Don't Follow the Same Go-To-Market Strategy as Everyone Else!
And more advice from Sapna Shah, Angel Investor and Founder of Retail X Series. Retail X Series is an ecosystem for retail startups with educational events featuring founders, funders & experts for pre-seed stage founders (B2B, DTC, and marketplaces) who are revolutionizing the future of retail. Covering topics like customer acquisition, financial modeling, fundraising, and more.
1.Don't follow the same go-to-market strategy as everyone else!

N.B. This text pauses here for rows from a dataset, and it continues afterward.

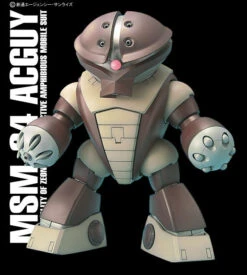BANDAI GUN82201 GUNPLA MG 1/100 ACGUY GUNDAM -Modèles Figurines Boutique mg msm 04 acguy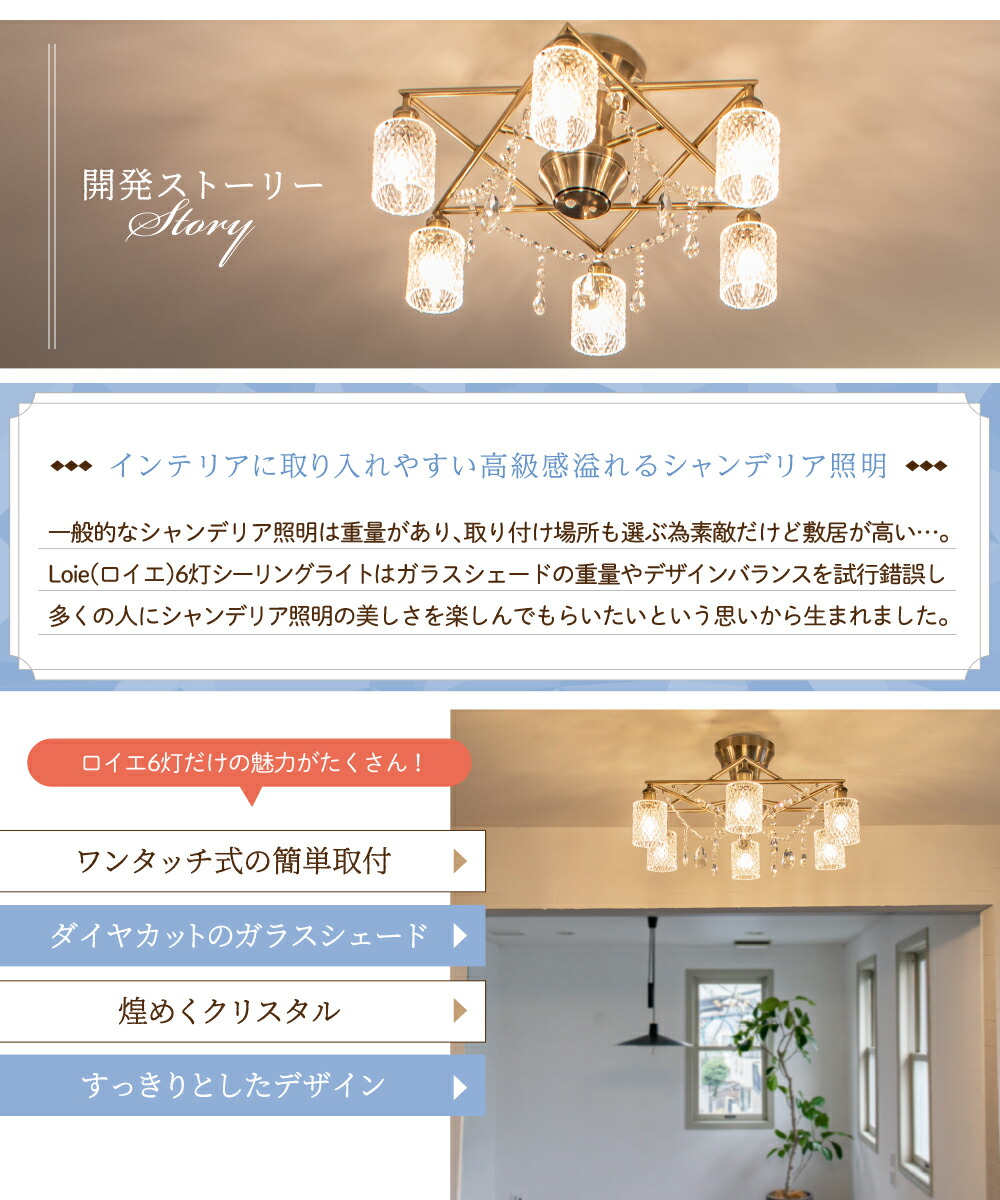 楽天市場】【Ampoule】 シャンデリア LED シーリングライト 6灯 照明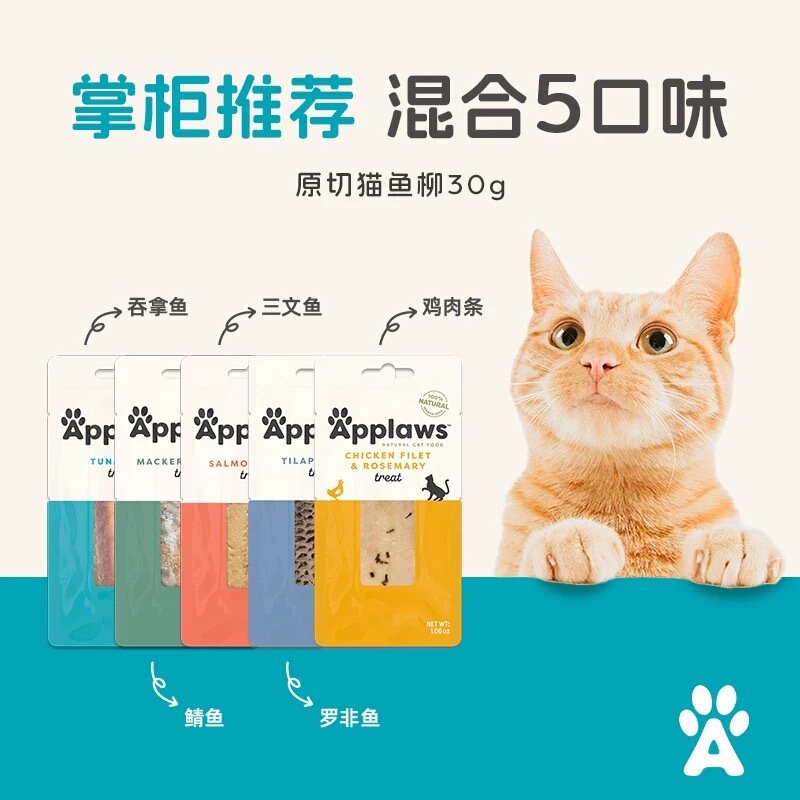 Applaws Cat Meat Strips 30g Whole Cat Fish Fillet Natural Nutritional Dried Fish Pet Snack for Adult Cats Applaws Cat Meat Strips 30g Whole Cat Fish Fillet Natural Nutritional Dried Fish Pet Snack for Adult Cats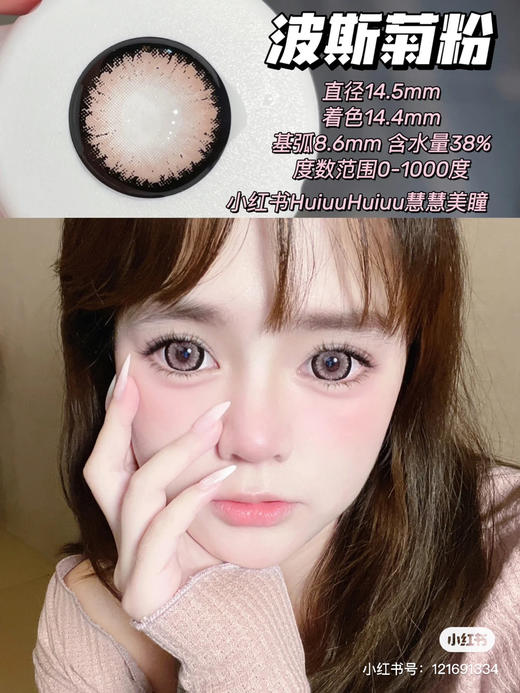 【店主实拍】波斯菊粉14.5mm 【年抛 0-1000度 无525/575 】 商品图0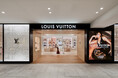 【ルイ·ヴィトン】西武池袋店、2026年4月25日(土)にリニューアルオープン
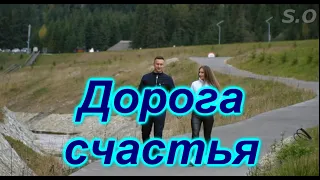 Шикарный трек Сергей Одинцов - Дорога счастья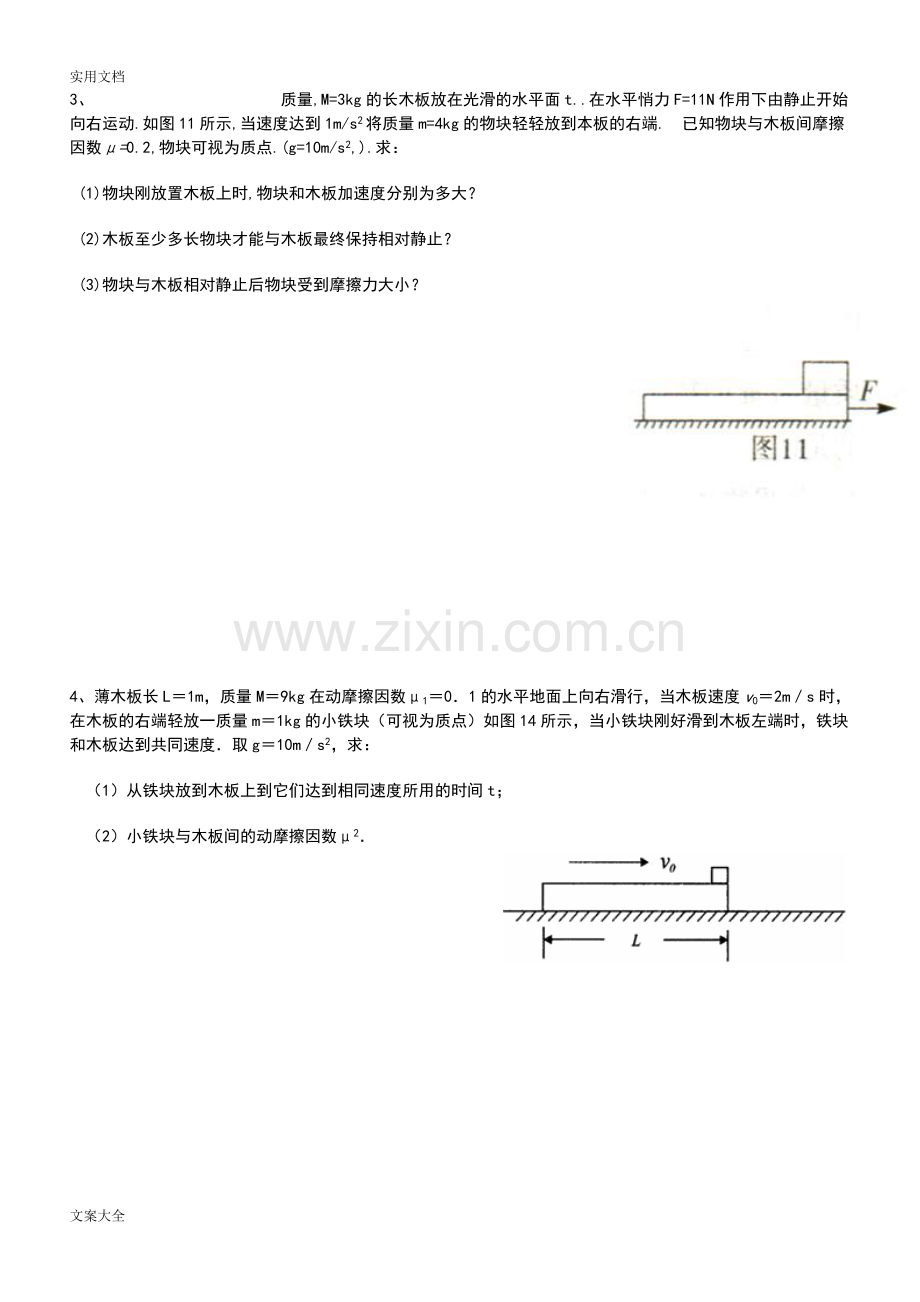 高一物理：板块问题(基础).doc_第2页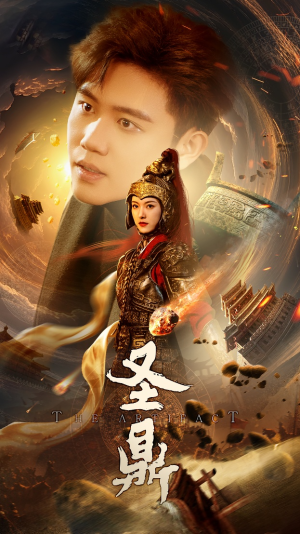 圣鼎(61集) 圣鼎(61集)亿万短剧抢先看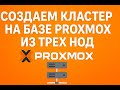 Как объединить серверы в кластер Proxmox VE | Пошаговая настройка узлов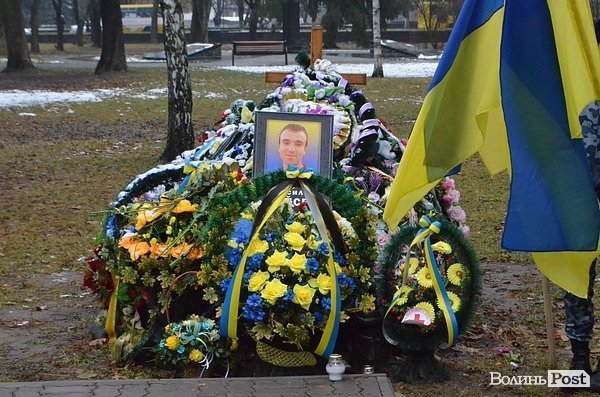 У Луцьку вшанували пам’ять загиблих героїв Майдану. ФОТО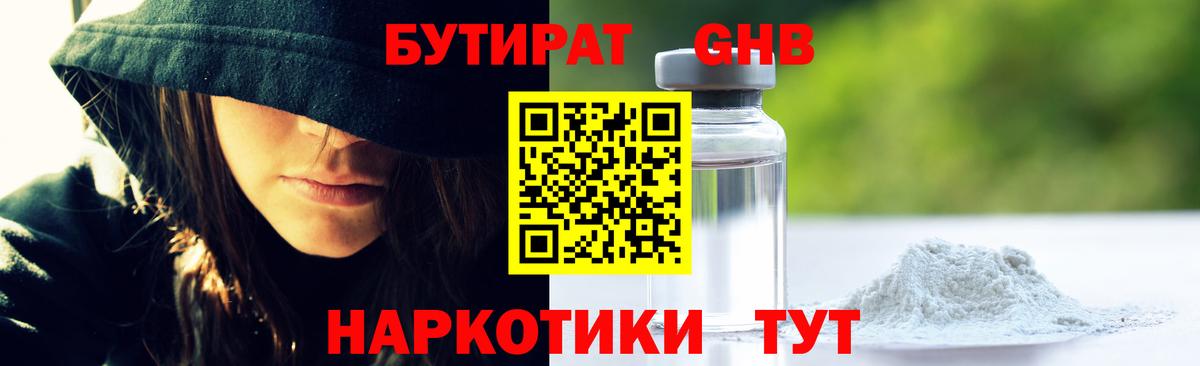 Бутират  Вход с VPN  Ханты-Мансийск  Бутират 1.4BDO 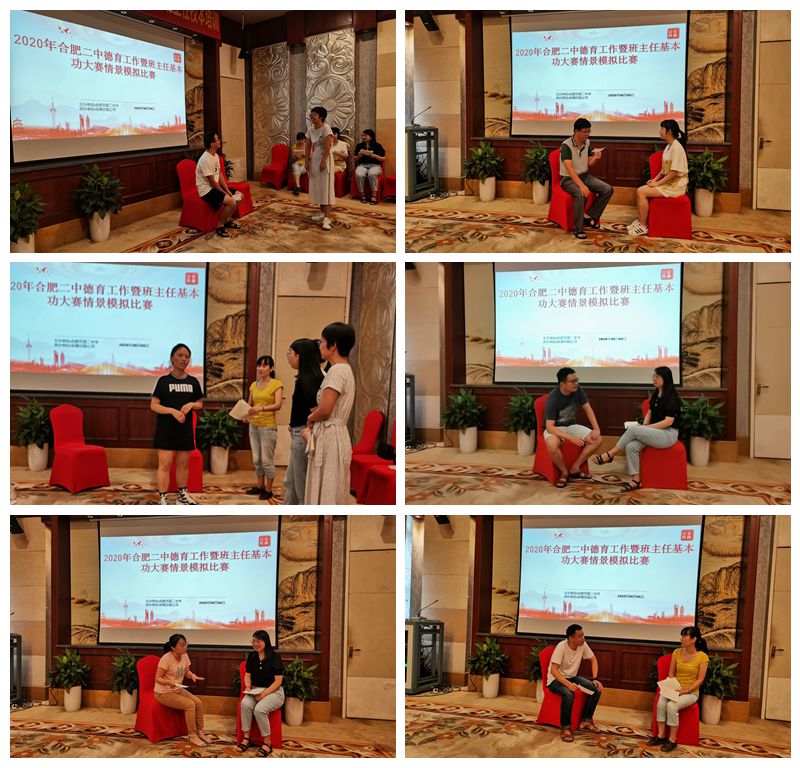 德育培训13.jpg
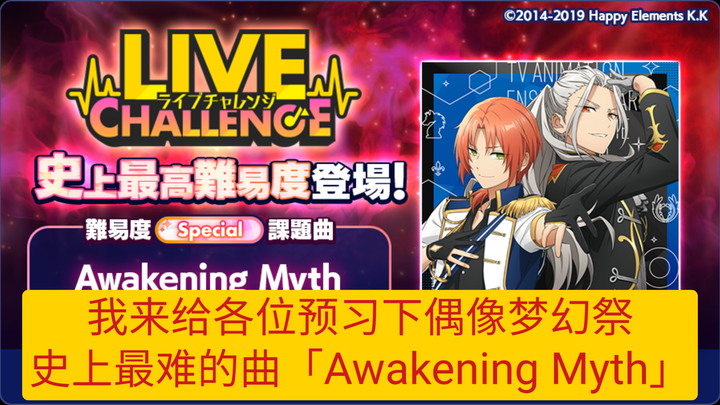 我来给各位预习下偶像梦幻祭史上最难的曲Eden的 「 Awakening Myth 」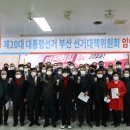 한국노총 부산지역본부 이미지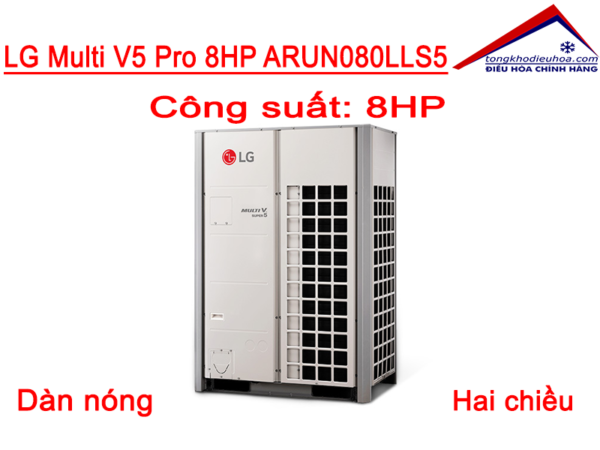Dàn nóng LG Multi V5 Pro 8HP ARUN080LLS5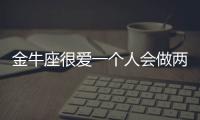 金牛座很愛一個人會做兩件事是什么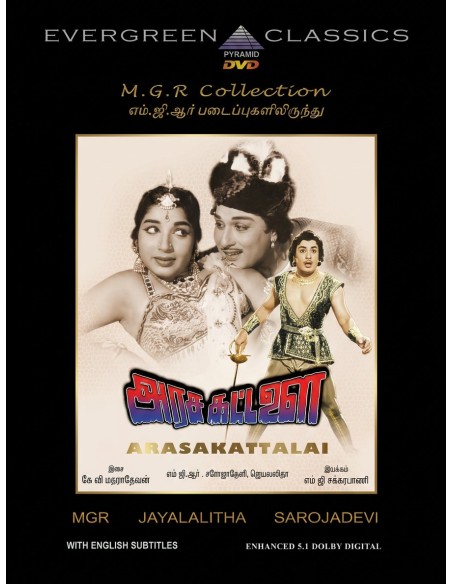 Arasa Kattalai DVD (1967)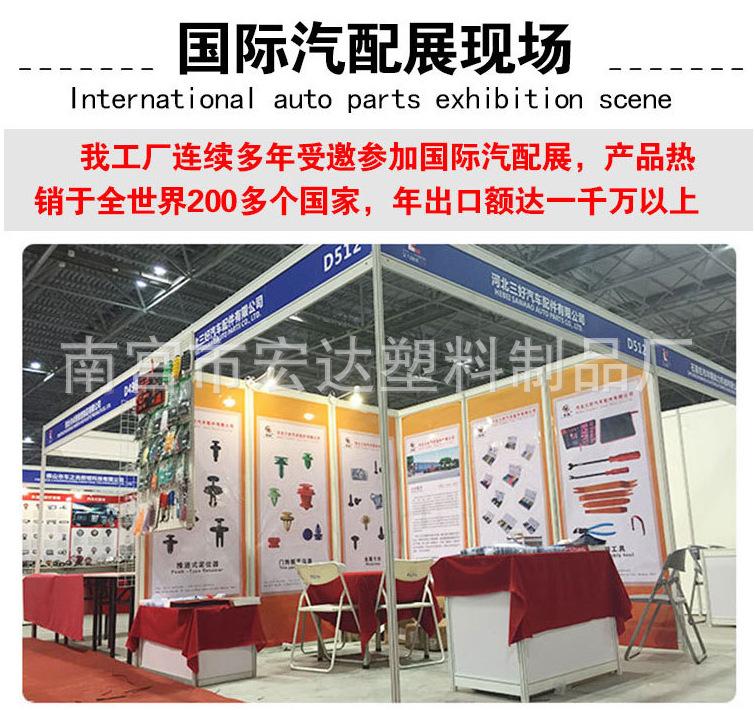 详情页14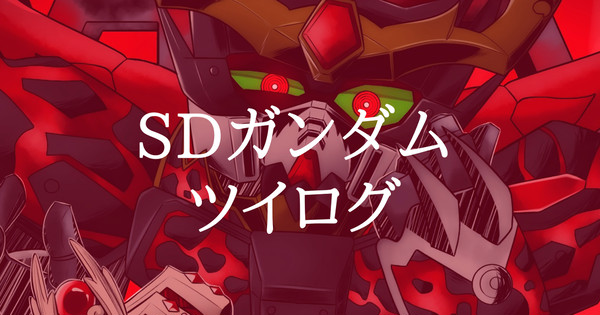 【SDガンダム】ツイログ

The biggest mistake I see in consumer products and services and consumer tech, especially at pre-seed, is that the slide for go-to-market strategy is almost always the same. They often include an influencer strategy, paid acquisition via Google/Facebook, and organic outreach on college campuses, for example. And, that's it. You could swap out that slide from one company to another, and it would all look the same! Paid acquisition is so expensive, and it is often not effective. One of the companies that I invested in, Silk and Sonder, started with a physical journaling project. One of the things they found in the early days before raising any money is that people were using the journals not as they expected. There were all these interesting use cases like moms managing children with auto-immune issues. They figured it out because they had a closed Facebook group. People started talking about how journaling helped them, and it created this massive customer acquisition competitive advantage. Instead of targeting coastal Millennial women that every startup was targeting, they have this complete other strategy that people were using their product in a way that they didn't anticipate. I wrote the first check in the preseed round because I saw the value in having this particular cohort that could be easily targeted that other brands were not connecting to in those ways.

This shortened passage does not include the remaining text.